┌─ Records for the task

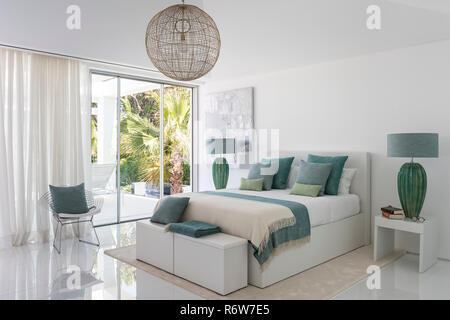 Couvertures et coussins vert avec de grandes lampes de chevet et ouvrir la porte de jardin dans villa de nouvelle construction, Quinta do Lago Banque D'Images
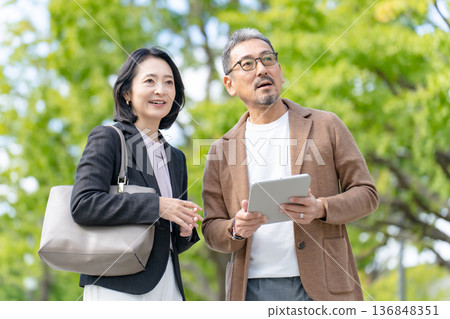 兩個人一邊看著平板電腦一邊交談 商業 136848351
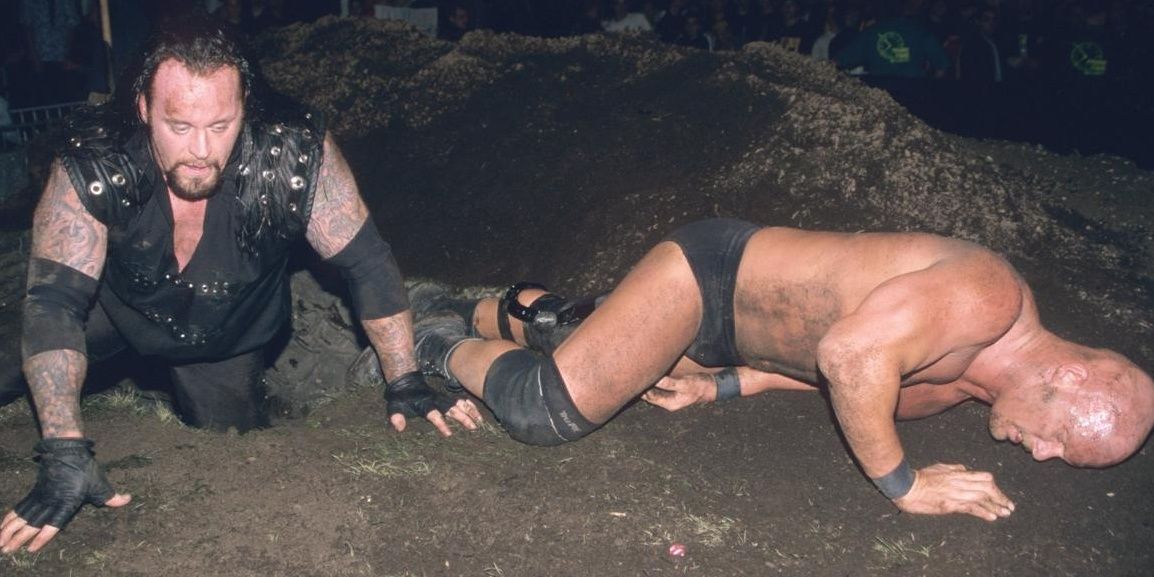 Undertaker and Steve Austin collide in a Buried Alive Match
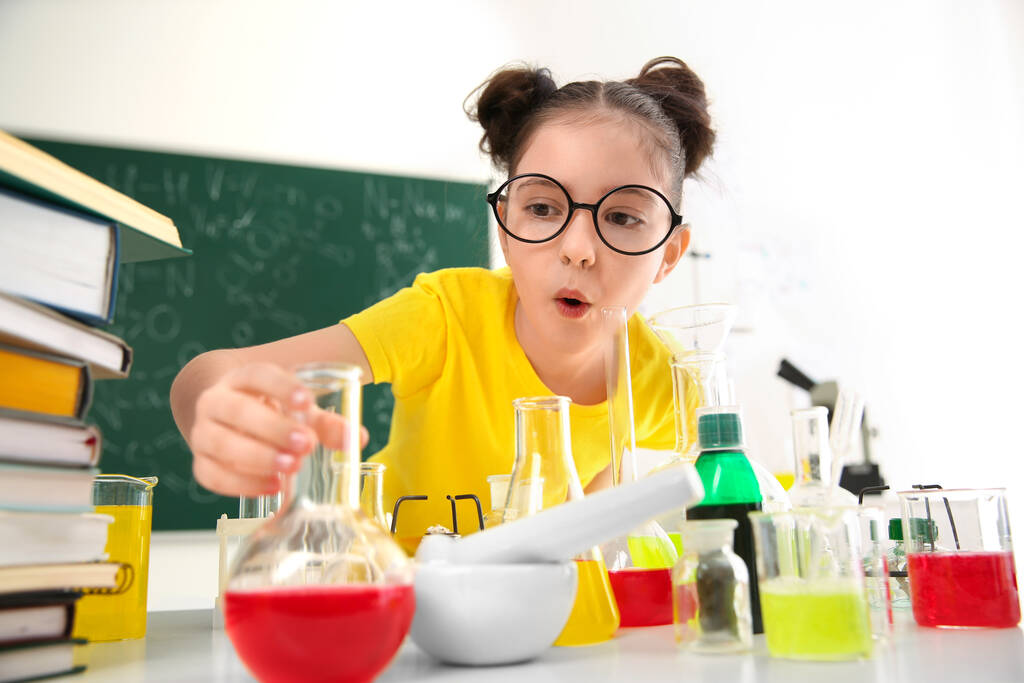 Kimya sınıfında öğrenci masada deney yapıyor. - Fotoğraf, Görsel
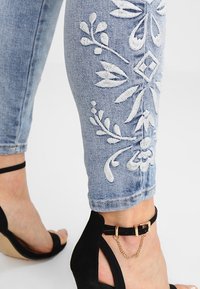 Höga ljusblå jeans med vit blommönstring på sidan, tillsammans med svarta klackar med ankelslinga och gyllene kedjedetaljer.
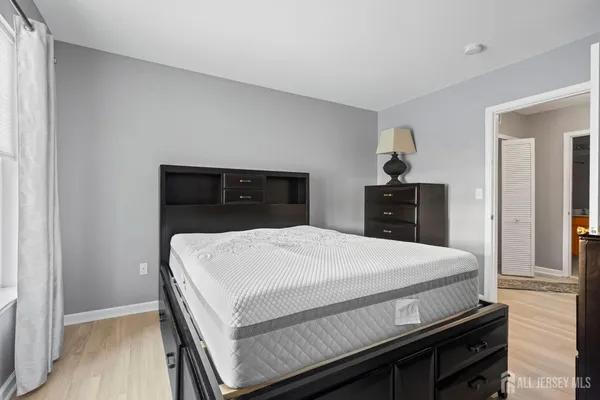 a bedroom with a bed and dresser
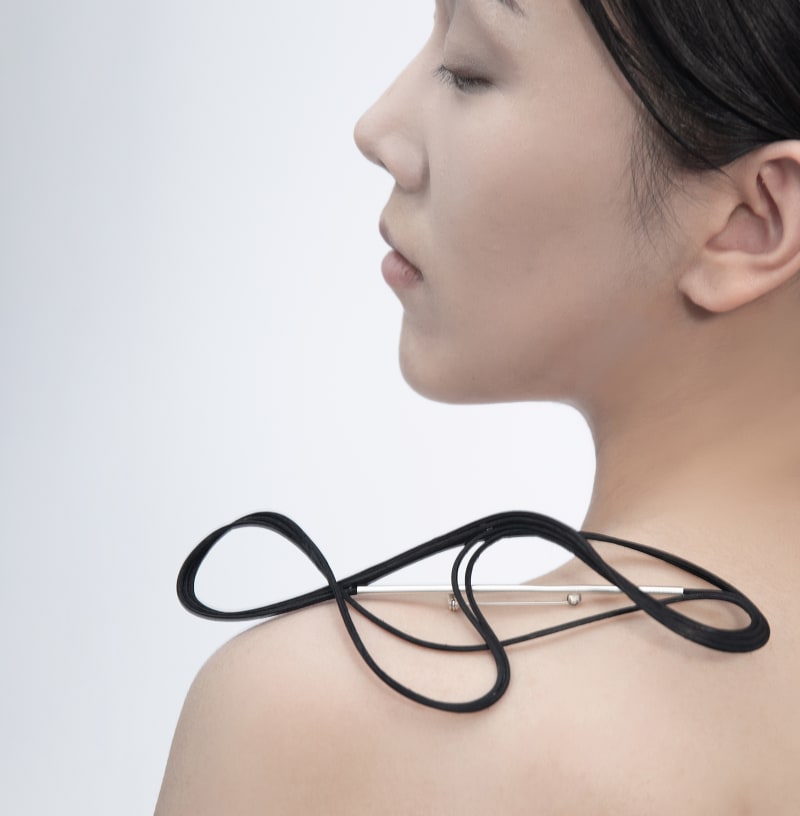 The brooch features rattan and silver tubes. The rattan pierces through the silver tubes and wraps around them, forming a smooth, flowing design aroun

└─

- **What is required**
The lines to be quoted run from the line containing "Höga ljusblå jeans" through the end of the entries above, both included; quote them exactly and leave out any pictures.

- **Response area**
 Höga ljusblå jeans med vit blommönstring på sidan, tillsammans med svarta klackar med ankelslinga och gyllene kedjedetaljer.
 a bedroom with a bed and dresser
 The brooch features rattan and silver tubes. The rattan pierces through the silver tubes and wraps around them, forming a smooth, flowing design aroun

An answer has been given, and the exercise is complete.